I haven’t gotten to work before 8am in the last 4 months.
BUT, during my first two months of work, back in January and February, I did get to work around 7. And because of that first impression, I will forever be the guy who gets to work early….even if I don’t.
Back in college (Wow, that’s the first time I’ve ever used that phrase!), I had a marketing professor who showed up to the first day of class wearing a suit. For the rest of the semester he wore jeans. On the last day of class, he wore a suit again and asked us what kind of clothes he had worn during the semester. Nearly everyone in the class said something to the effect of, “You always wore suits to class.

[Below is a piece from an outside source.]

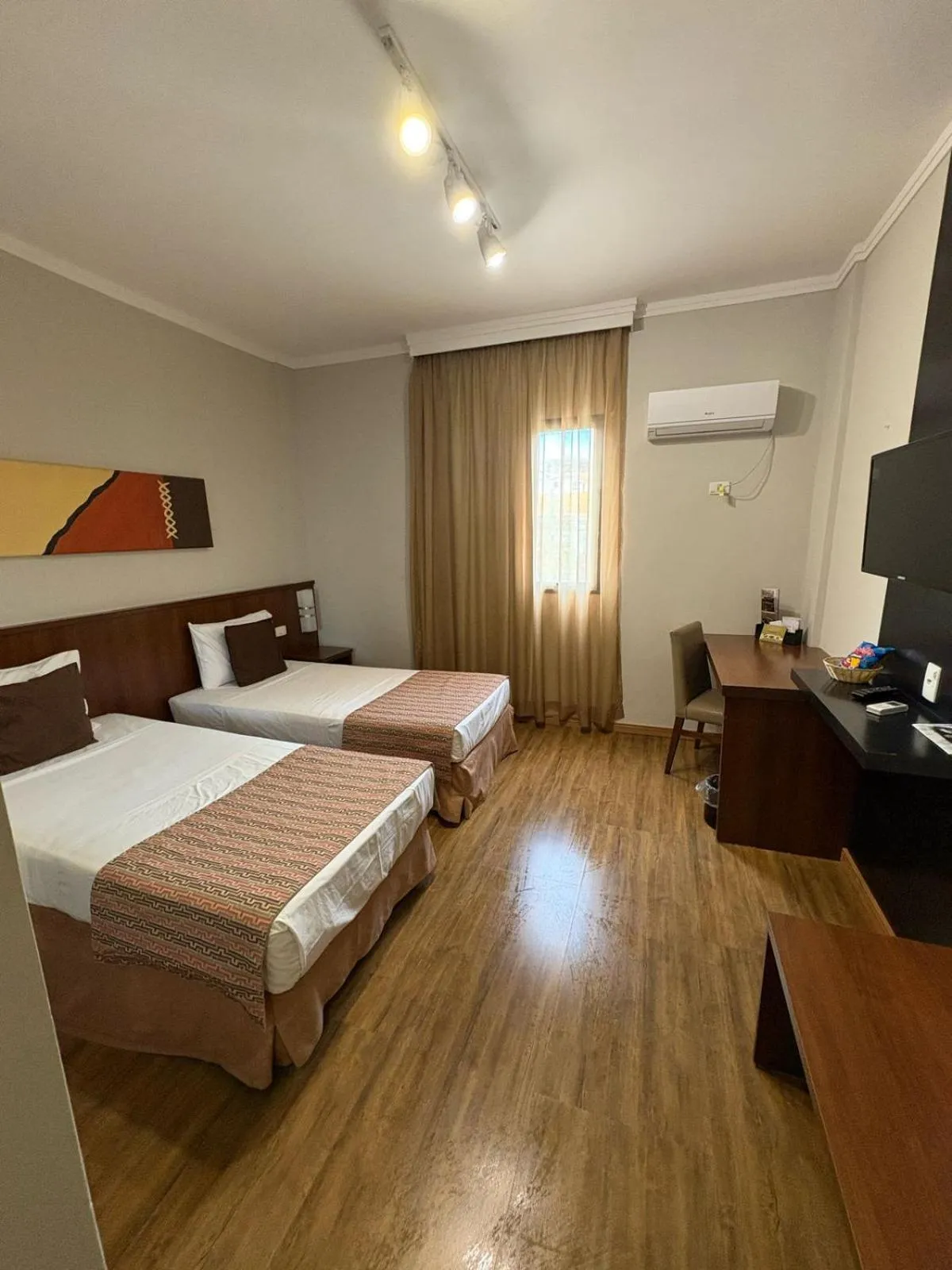 Standard Twin Room - single occupancy in Class Hotel Passos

You wore casual a couple times, but that was the exception.”
His one first impression became the “standard”, even though it wasn’t even close to the standard.
If you meet someone in a bad mood, you’ll always think that the default state of that person is a bad mood, even if they are in a good mood in your next 20 interactions. It’s not fair, but that’s how it is. It’s psychology!
We’ve been built to “size people up” in a moments notice, and to form a strong opinion of them quickly. For our ancestors, this quick judgment could be a life-saver, knowing whether to fight, run from, or accept a stranger.
Nowadays our first impressions aren’t quite as life-or-death, but our brain still places these impressions in high esteem.
So, when you first enter a new job or class or situation, err on the side of awesome. Because after that, regardless of what you do (within reason), you’ll stay awesome in the eyes of others.